Gratitude For Disappointment
Once upon a time, when I taught high school, I had a discussion with an English teacher I’ll call Cliff. We shared stories of our first experiences teaching. He told me that his first day was the hardest. I wasn’t surprised. He caught me off-guard with his next sentence – after the day’s classes ended, he shut the door, collapsed in his chair, and wept. The students were unruly, the classroom management difficult, and the lessons ineffective. I had known Cliff a long time, back before we taught our first lessons, and he always appeared confident and sure of himself. I never imagined it possible for him to break down. He experienced disappointment at the highest level.
To my mind, disappointment is the gap between expectation and result. Prior to his classroom awakening, Cliff dreamt dreams of classroom discussion where students participated, engaged in group activities,and gathered knowledge. This type of thinking happens to most, if not all of us. We set goals, imagine the outcome, and then make it happen. Only the reality is that the activity of life never matches what we envision in our heads. This because we make assumptions about what it takes to reach our objectives, and the assumptions are based on what I call “virtues.”

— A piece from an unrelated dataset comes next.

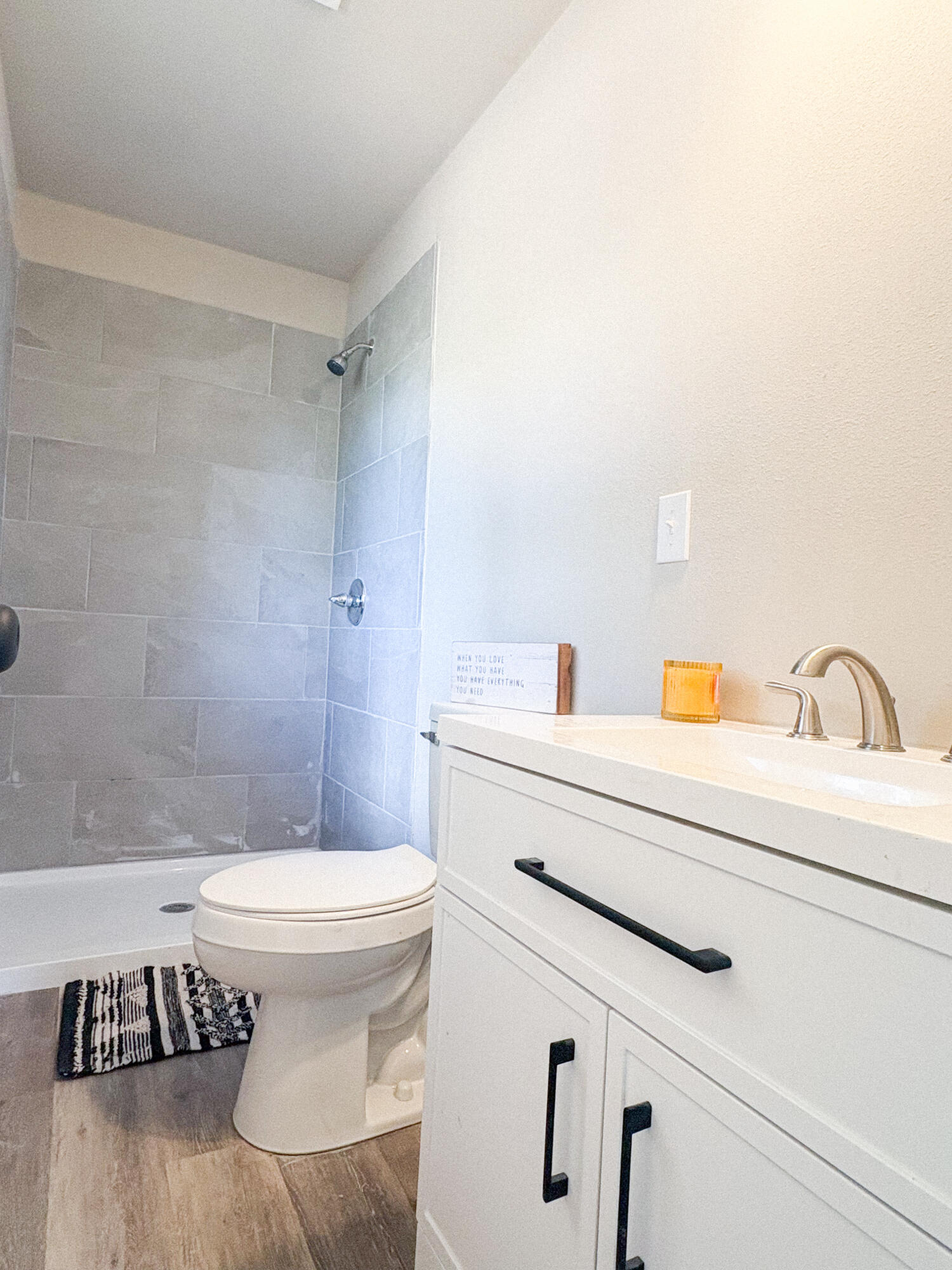 612 Stephens Street Property Photo 13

Other may refer to them as characteristics, attributes, or values, but I feel virtues best reflects their nature. We adopt them to assist us in getting the meat out of life. They can be grouped into two broad categories: virtues of the mind and virtues of the heart. Virtues of the mind are the aspects of ourselves that deal with our intellectual activities. They guide us in navigating the workplace, public interactions with others, executing personal habits, enjoying hobbies, and so forth. These virtues include creativity, risk tolerance, pleasure, entertainment, and financial success. The other side of the equation has the virtues of the heart, which attends to the emotional and relational aspects of our lives – with ourselves and others. A partial list of these virtues are love, patience, empathy, humility, and integrity.

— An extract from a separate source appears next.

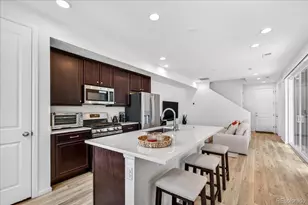 46 N Trussville St, Aurora, CO 80018 - Photo 10
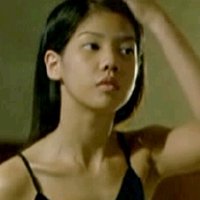 Wanatchada Siwapornchai Desnuda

Keep in mind that each virtue has an opposite, a negative aspect, if you will. Creativity has dullishness, financial success has poverty, patience has impetuousness, and love has apathy. The positive virtues create openness and vulnerability, while the negative virtues create walls and barriers to protect from the inevitable heartbreak.
Now, the question to ask is this: are these virtues I am building my expectations around pushing me towards my best self or away from it? People often embrace negative virtues because they cannot handle the pain and rejection that accompanies an open heart. However, choosing to adopt negative virtues may offer benefits in the short term, but they they stymie growth and deep personal connections over a lifetime. When one or both people in a relationship build walls around their passions, a superficial association is the only result.
Of course we are not going to throw open the gates of our emotions to everyone we meet, but we must be mindful of our virtues and where we have placed our default settings.
When we have taken this step and have developed an awareness for how we are installing our virtues in our relationships – then we can truly exhibit gratitude for our disappointments. If we focus on our expectations and their attendant negative virtues, then we can be grateful that we now know what we have sown into our hearts and minds. We possess the ability to alter our direction, to adjust our course to unite with our best selves. For we become who we want to be and there is much in that to be grateful.
Conversely, when we look at our virtues and find them to be positive and directing us towards our best selves, we have great cause to celebrate with gratitude. We are marching in the direction of our goals. And yet we often feel disappointment because the reality of our lives does not match our expectations of that reality. In most cases, if we are living according to the positive virtues, then the gap between the two is of time. If this is the case, it is an opportunity to turn an analytical eye to where we are. If we are on the path to where we want to go, recalibrate the expectations to match the speed of accomplishment to the ultimate destination.
However, it is possible that we can be living the positive virtues of the mind and heart and still never close the gap between expectation and reality. We must be at peace with that and we can be grateful for the freedom to stretch ourselves, even if that desired outcome, that treasured outcome, never materializes.